Now that the transition to city maintenance has occurred, it was Council Member Becton’s desire to help in the improvement of this area by working with the city’s Landscape Division to see what could be done to revive and enhance what had deteriorated. Back in December of 2018, Council Member Becton along with Dave McDaniel, Chief of the Landscape Division, made a field trip to the area to scope out a plan of attacked. This involved looking at current planting, and what would successfully grow in areas that lacked water and would require low maintenance.
Over the past year, the plan was developed and funding was needed along with the approval of the COJ Tree Commission for such an under taking. It was Ordinance 2019-089-E that setup a $1 million dollar fund through the city’s well-funded Tree Trust Fund that got this project underway. The Tree Trust Fund, estimated to have a balance of over $20 million dollars in 2019, is funded through development when a tree of a certain size is removed.
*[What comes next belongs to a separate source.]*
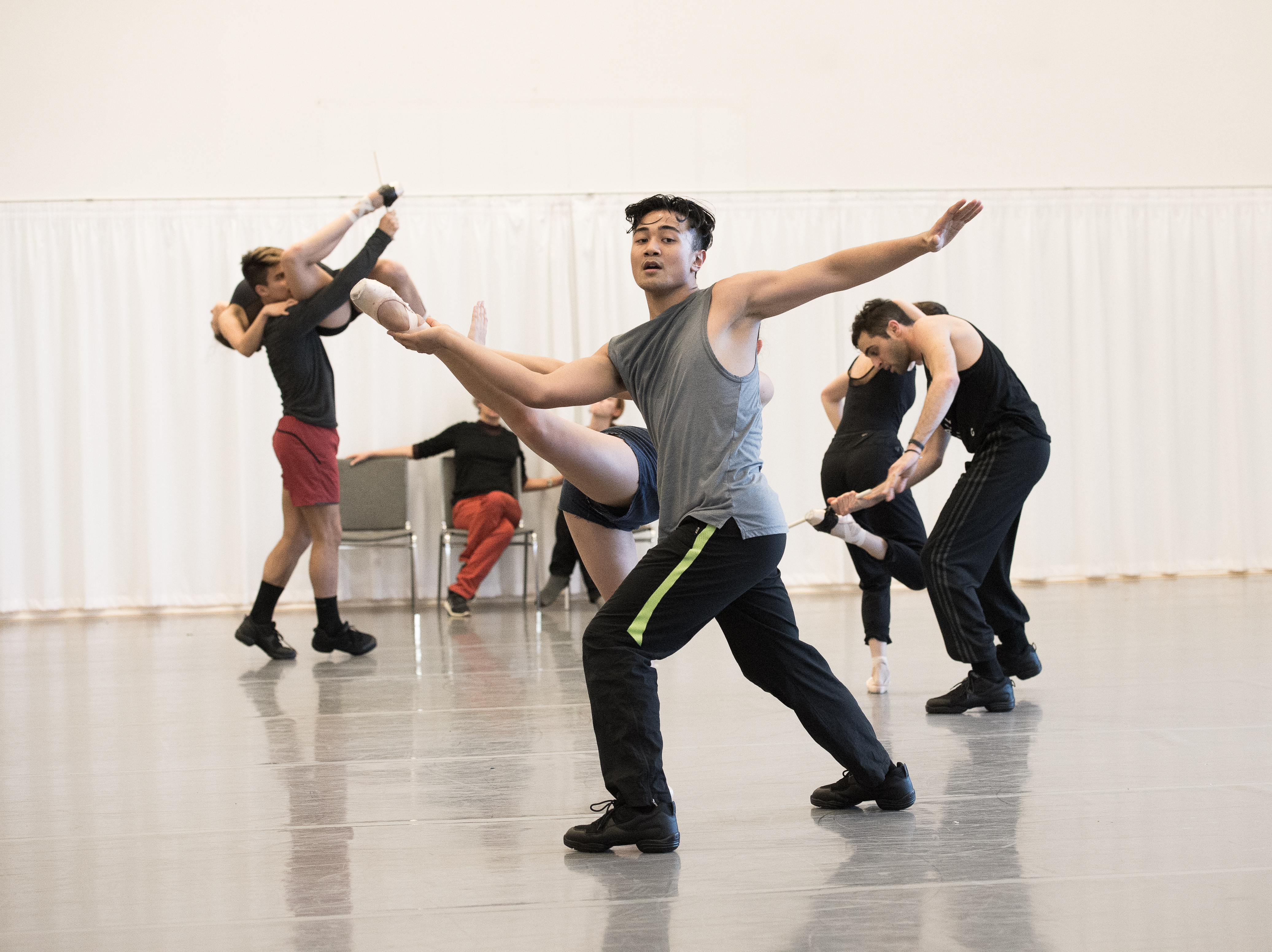 Kimberley de Jong (Compagnie Marie Chouinard) spent the first week of 2016 with the AUDC dancers setting Marie Chouinard's 'bODY_rEMIX/les_vARIATIONS_gOLDBERG'. Photos: David Cooper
“The City of Jacksonville has over $20 million dollars in a tree fund in which all Council members are working to utilize,” said Councilman Becton. “The fund can only be used for trees and not smaller landscaping, plus it is actually challenging to find space to plant trees around the city because of so many guidelines and regulations. For State Roads, they prohibit plantings where you might want them and depending on the speed of travel on those roads, the rules become even more stringent. Unfortunately, many of the roads within District 11 are state roads, therefore under State maintenance, limiting our options.”.
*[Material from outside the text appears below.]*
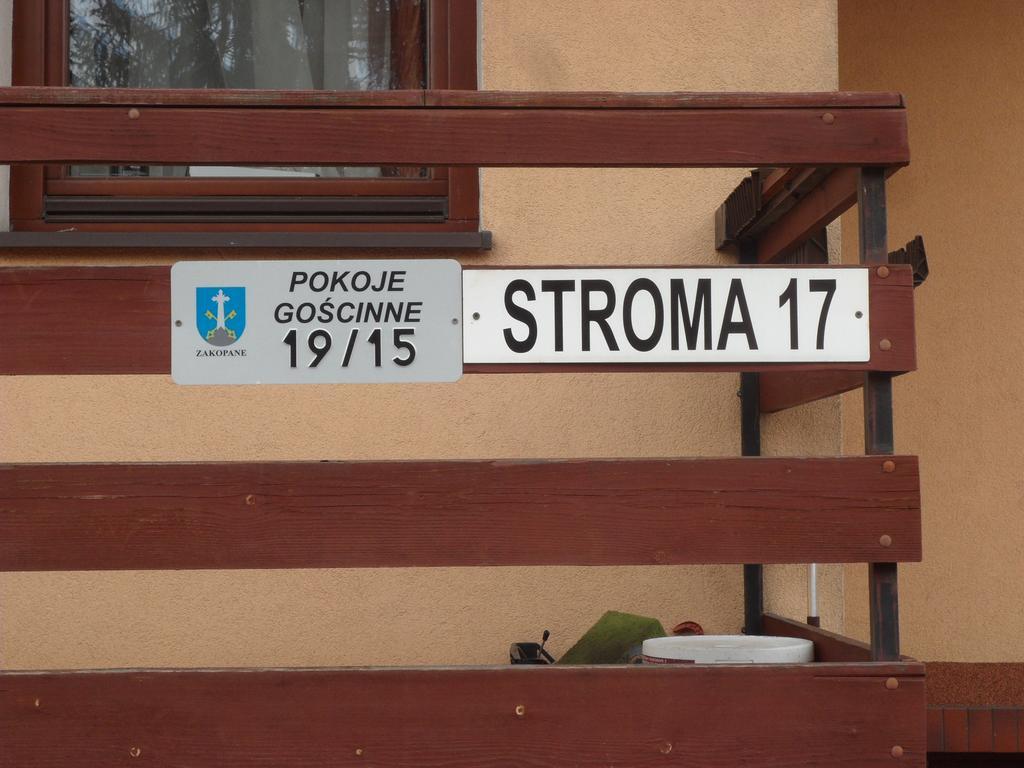 Pokoje Goscinne Na Stromej Zakopane Exteriör bild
The Tree Trust Fund has three levels of funding that have been established to help in opening up additional opportunities to plant trees and reduce the buildup of excess funds in the Trust Fund. Those levels are 1) Level 1 which allows the city to plant trees within publicly maintained streets rights-of-ways when a property owner requests the installation of trees adjacent to their property, 2) Level 2 which provides for an individual citizen or organization with the opportunity to suggest a location for tree plantings on public property limited to 200 and 3) Level 3 which provides for grants to be awarded to local community and not-for-profit organizations for the design, management and implementation of tree plantings projects on publicly owned land within the County for the conservation and enhancement of the City of Jacksonville’s tree canopy.
Along with the Baymeadows East landscape opportunity, Council Member Becton also took the opportunity to look at other areas within the District that might qualify for enhanced tree planning. Those areas ultimately included Point Meadows Drive along the western side of the sound wall and Fort Family Park.
Councilman Becton and the Chief of Landscaping, Dave McDaniel and his staff have had several field trips to this area to plan out the projects and it was the Level 2 program in which they used to get approved in December of 2019 to move forward.
“I am excited that within District 11 we have finally found areas of the district that have opportunities for planting trees,” Council Member Becton expressed. “We utilized organizations within the area to leverage our ability to act under the Level 2 program and get funding. Now it became a waiting game on the right planting time of year to act which we targeted Spring of 2020.”
According to the Project Scope, the implementation is for about 119 trees to be planted in medians and right of ways along Baymeadows East, R.G Skinner Parkway, Sweetwater Parkway, Fort Family Regional Park, and lastly Point Meadows Dr. The project cost was approximately $284,900 with Davey Tree Company. This price is based on the Countywide Tree Planting Contract’s that includes a 1-year warranty for all plantings. Adjustments will be made as needed, but the landscaping division does not expect there to be many since a majority of the trees incorporated in the landscaping plans are new and will replace previous landscaping.
The tree planting projects encompass the following variety of trees: 1) Baymeadows East – Live Oaks, East Palatka Holly, Muskogee Std, Longleaf Pine, Southern Magnolia, 2) Point Meadows Sound Wall Buffer – Cabbage Palm, Southern Red Cedar and Long Leaf Pines and 3) Fort Family Regional Park – Live Oak, Sycamore, Red Maple, and Washington Palm.
As of April, of this year, the landscaping division has confirmed that the District 11 Tree Planting is almost ready for final inspection and should be officially completed within the coming weeks.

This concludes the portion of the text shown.